András Tölcséres

Personal information
- Full name: András Tölcséres
- Date of birth: 28 November 1974 (age 50)
- Place of birth: Hungary
- Height: 1.70 m (5 ft 7 in)
- Position: Forward

Team information
- Current team: Türk. SV Ingolstadt

Youth career
- Szegedi SC
- 0000–1996: FC Starnberg

Senior career*
- Years: Team / Apps / (Gls)
- 1996–1997: 1. FC Nürnberg II / 4 / (0)
- 1997–1999: SG Quelle Fürth / 88 / (39)
- 1999–2000: 1. FC Saarbrücken / 15 / (0)
- 2000–2004: SSV Jahn Regensburg / 120 / (37)
- 2004–2005: FC Augsburg / 20 / (2)
- 2005–2008: FC Ingolstadt 04 / 58 / (22)
- 2008–2009: FC Ingolstadt 04 II / 17 / (0)
- 2009–: Türk.

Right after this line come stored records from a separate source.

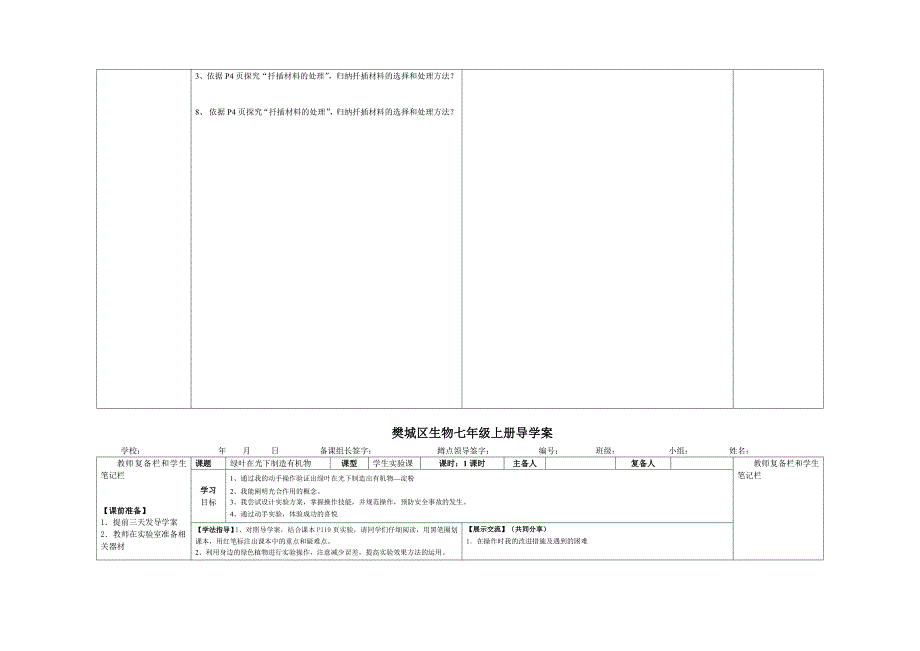 生物理论课、实验课导学案_第2页
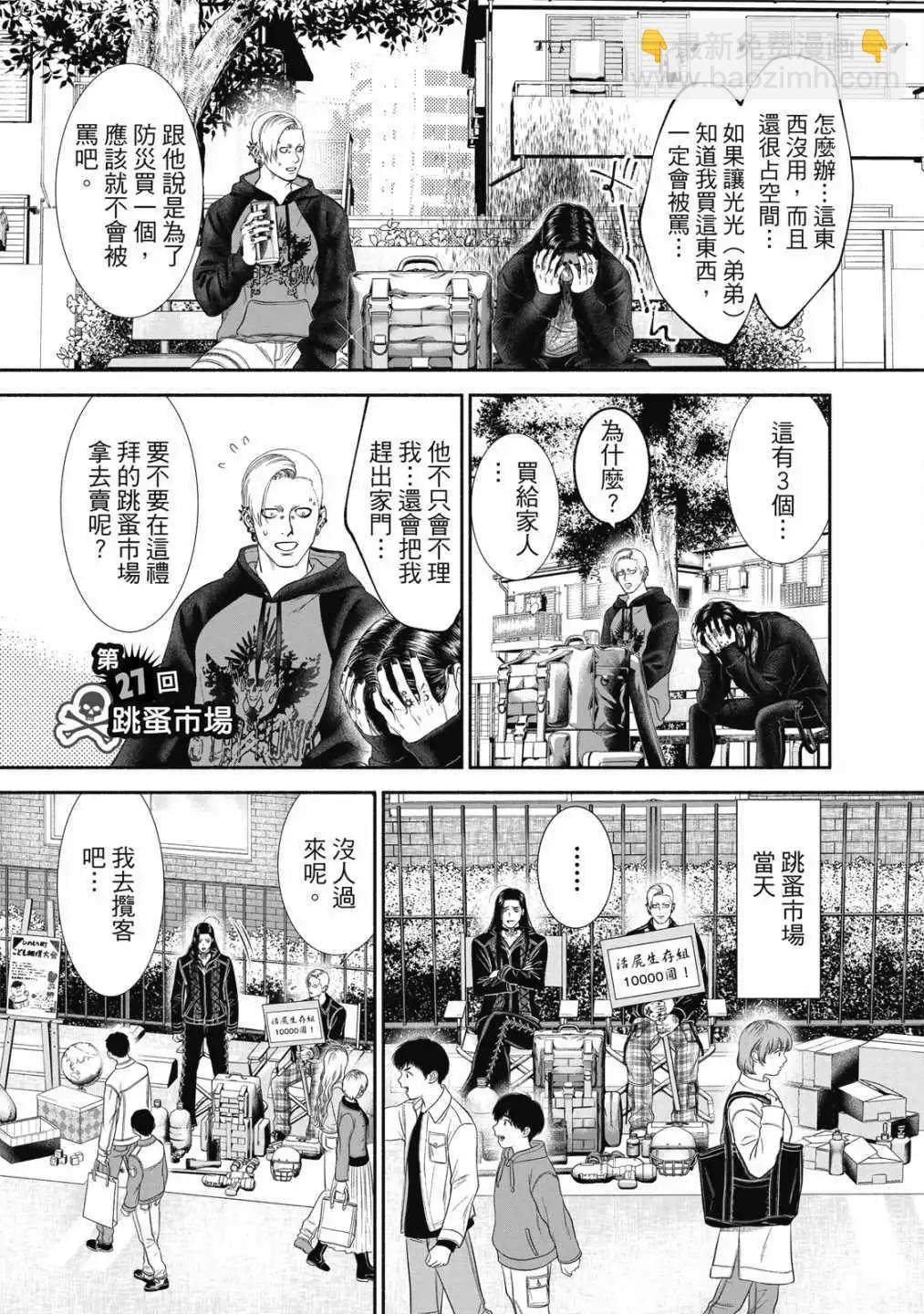 第01卷114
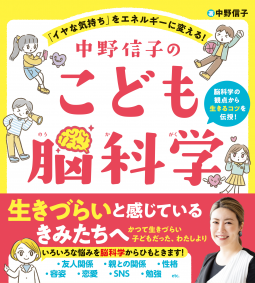 中野信子のこども脳科学 表紙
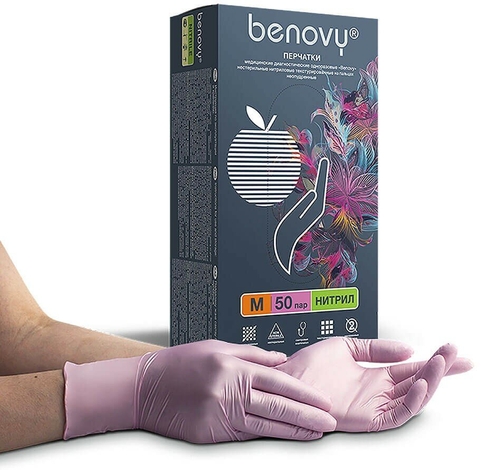 Перчатки нитриловые Benovy, перламутрово-розовые, размер Галантея Светлогорск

SV Ingolstadt
- Total:  / 322 / (100)

= András Tölcséres =

Hungarian footballer

András Tölcséres (born 28 November 1974) is a Hungarian football player.

After coming through the ranks at Hungarian team Szegedi SC, Tölcséres moved to Germany where he joined FC Starnberg before moving to 1. FC Nürnberg II. He then went on to play for SG Quelle Fürth and 1. FC Saarbrücken before spending four years at Regionalliga-Süd team SSV Jahn Regensburg, scoring 37 goals from 120 appearances. Just one season after Regensburg's promotion to Germany's 2. Bundesliga, they were relegated back to the Regionalliga. Tölcséres followed in the mass exodus which many players leave. He then joined fellow Bavarian outfit FC Augsburg in time for the 2004–05 season, where he scored two goals from 20 appearances, twelve of which coming from the bench. After four years at FC Ingolstadt 04 he moved to Türk. SV Ingolstadt as player-manager.